Das Kirchenjahr ist also liturgisch polychron gebaut. Es besteht aus mindestens zwei Ringen, die aneinandergekoppelt sind. Die Ringe sind nicht geschlossen, sondern mehrfach in unterschiedliche Richtungen geöffnet und aneinandergekoppelt. Sie bilden eine spiralhafte, bewegte Figur mit offenen Enden. Trinität und damit ihr Fest könnte eine Art offenes Zentrum dieser Figur sein. Als solches ist ihre Bewegung dezentralisierend, aus sich herausgehend.

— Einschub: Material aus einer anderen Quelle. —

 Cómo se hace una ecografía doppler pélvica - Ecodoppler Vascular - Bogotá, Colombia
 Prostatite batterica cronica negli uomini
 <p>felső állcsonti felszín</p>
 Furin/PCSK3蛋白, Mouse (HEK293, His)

Anders gesagt, (spätestens) von Pfingsten an bleibt die Trinität geöffnet. Und dies zumindest auf zweierlei Art und Weise. Zum einen bleibt sie geöffnet für alles Menschliche (Mariae Verkündigung). Zum anderen bleibt sie geöffnet für alles Schöpferische (Pfingsten).
Die herkömmliche liturgische Praxis des Kirchenjahreskreises beschreibt nun das ganze Gegenteil. Nach dem Trinitatisfest stürzt die Liturgie ab in Verwaltung. Deren Inspiration beschränkt sich aufs Abzählen. Dabei erscheint sie als das Ergebnis eines historisch gesehen mehrstufigen Prozedere:
Mit der konstantinischen Hierarchisierung des Christentums geht eine dogmatische Vereinheitlichung einher. Diese bildet die Grundlage der gregorianischen Zentralisierung von Liturgien und der carolinischen Heroisierung ihrer Figuren mit einem Ziel, das man rückblickend kaum anders als die Unterwerfung der Welt bezeichnen kann.

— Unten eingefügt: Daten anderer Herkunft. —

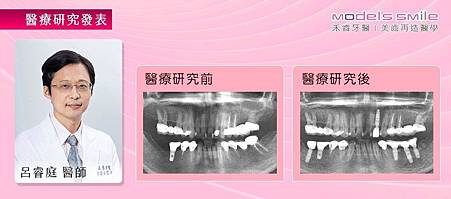 (植牙研究報告)【台北牙醫 人工植牙案例】舒眠結合微創植牙 舒緩情緒快速重建口腔.jpg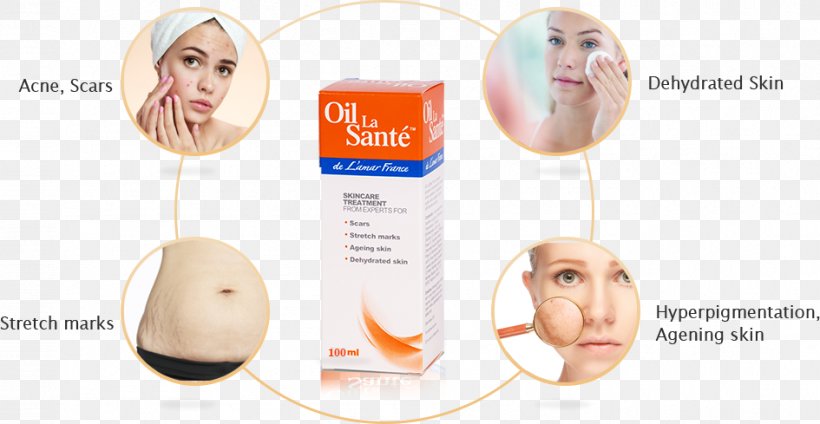 Dryness Oil Health Face Dehydration, PNG, 945x489px, Dryness, Chin, Dehydration, Ear, Face Download Free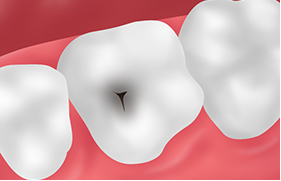 悪影響01永久歯が虫歯になる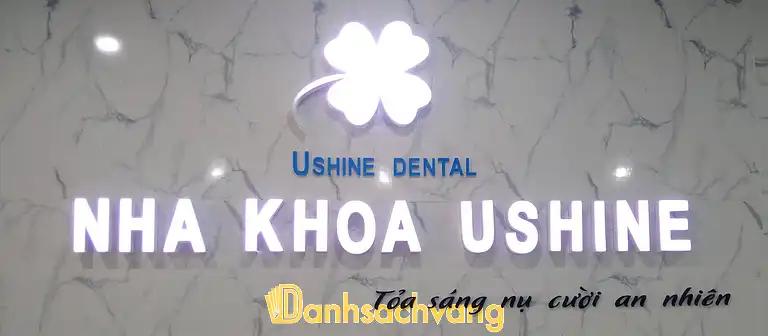 Hình ảnh nha-khoa-ushine-khu-bo-ho-me-linh-1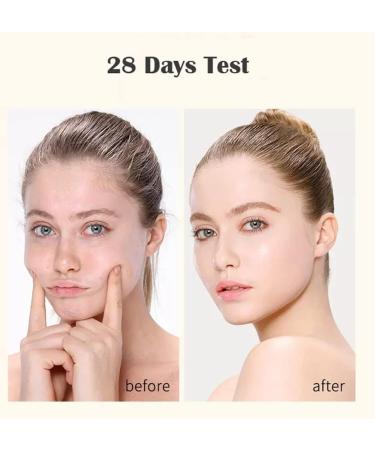 Magic Strips for Face Wrinkles Magic Strips Eye Lifting Strips Face and Forehead Wrinkle Patches Lift Anti Wrinkle Patches (Eyes 5pairs) - Buy Online on GoSupps.com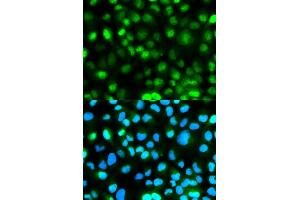 Immunofluorescence analysis of HeLa cells using ATXN3 antibody (ABIN6290080).
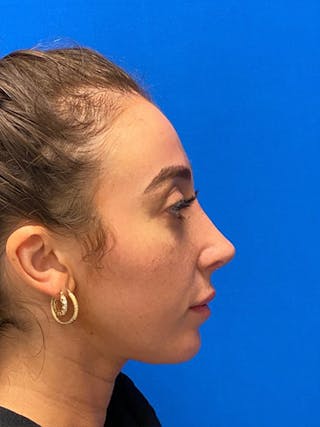 Primary Rhinoplasty Before & After Gallery - Patient 122925363 - Image 2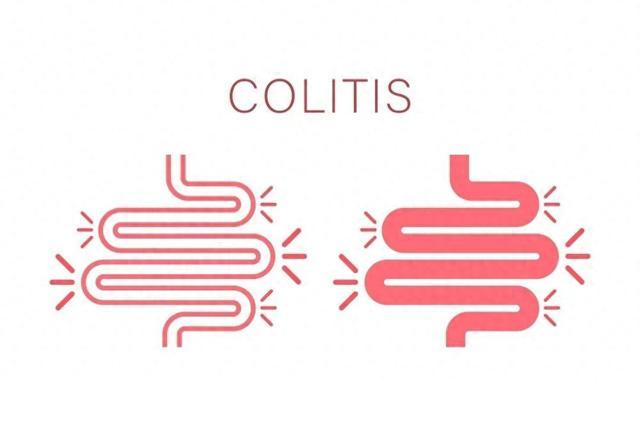 肠胃胀气坐立不安!老是胀气的你的不如试试这些方法!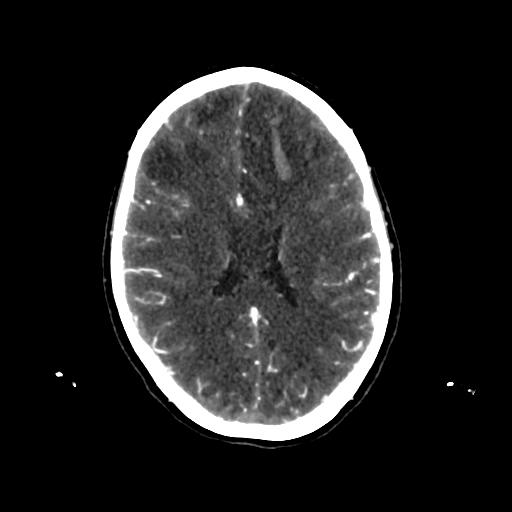 File:Cerebral venous throbmosis - hemorrhagic venous infarction (Radiopaedia 87318-103613 Axial CT venogram 22).jpg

Um liturgisch diesem dramatischen Missverhältnis zu entkommen, stellt sich eine Aufgabe, die man als Rekonstruktion beschreiben kann. Dazu müsste zuerst die von verschiedenen verwalterischen Linearisierungen dominierte Praxis der Kirchen und ihrer Mitglieder:Innen so angesehen werden, dass sie jenseits ihres notorischen Selbstbezugs beschreibbar würden. Sie müsste wie fremde Praktiken angesehen werden.

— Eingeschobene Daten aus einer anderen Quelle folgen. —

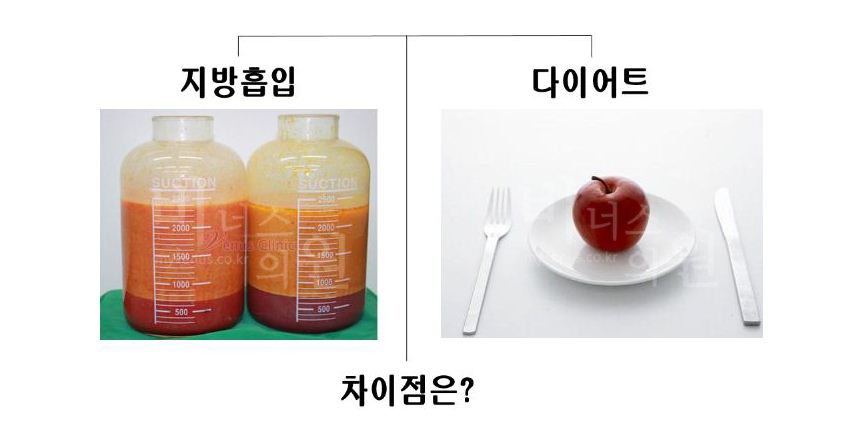 지방흡입 vs 다이어트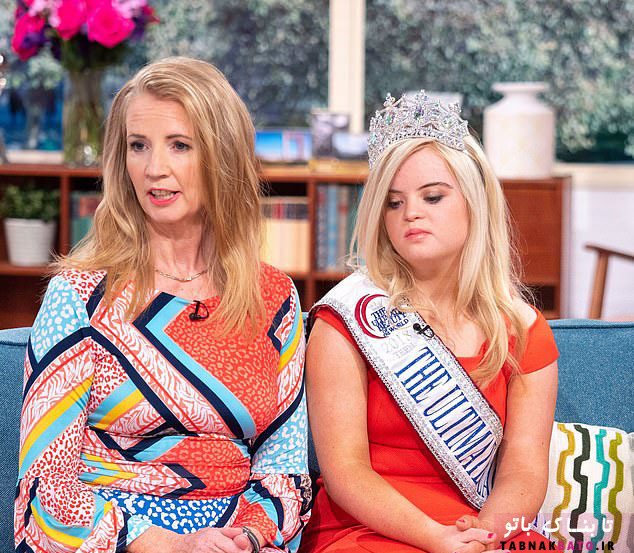 درخشش دختر مبتلا به سندروم داون در دنیای مد و زیبایی +تصاویر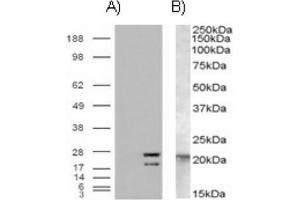 Image no. 1 for anti-GTPase NRas (NRAS) (Internal Region) antibody (ABIN375000) (GTPase NRas antibody  (Internal Region))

Stellen wir uns zu diesem Zwecke eine Anthropologin vor, „die sich in den Kopf gesetzt hätte“, die liturgische Praxis unsere Kirchen „zu rekonstruieren“. Stellen wir uns weiter vor, „dass sie, belehrt durch die Lektüre einiger guter neuerer Autoren, der Versuchung widerstanden hätte, ihre Forschungen auf jene Aspekte zu beschränken, die oberflächlich den klassischen Gebieten der Anthropologie gleichen – Folklore, [Gemeinde]feste, kulturelles Erbe, unterschiedliche Archaismen. Soviel hat sie verstanden: […] sie muss ihre Aufmerksamkeit auf das Herz der [Sache] richten, nicht auf die Ränder, nicht auf die Relikte, nicht auf die Überreste“.5
Stellen wir uns weiterhin vor, „was schwieriger ist, jedenfalls weniger verbreitet, dass sie weiss, wie man […] jenem Exotismus der Nähe [widerstehen kann], der darin besteht, das zu glauben, was der [Theologe, die Pfarrerin] über sich selbst sagt, sei es lobend, sei es kritisierend. Sie hat schon verstanden, dass die Berichte, die [die Kirche] von sich selbst gibt, womöglich keinerlei Beziehung zu dem haben, was ih[r] zugestoßen ist. Kurzum, es handelt sich um eine wahre Anthropologin: Sie weiss, dass allein die lange und detaillierte Analyse der Handlungsverläufe, sie dazu bringen kann, das wirkliche Wertesystem derer zu entdecken“, die sie untersucht. Man sieht, die allergewöhnlichsten Bestandteile der ethnographischen Methode.“6
Dann geht es um nichts geringeres, als aus den Ablagerungen der Tradition Leben, Erfahrung zu rekonstruieren und mit dem heutigen Leben in eine wechselseitige Beziehung zu setzen.7 Liturgie würde mit Leben verbunden werden können und Leben mit Liturgie.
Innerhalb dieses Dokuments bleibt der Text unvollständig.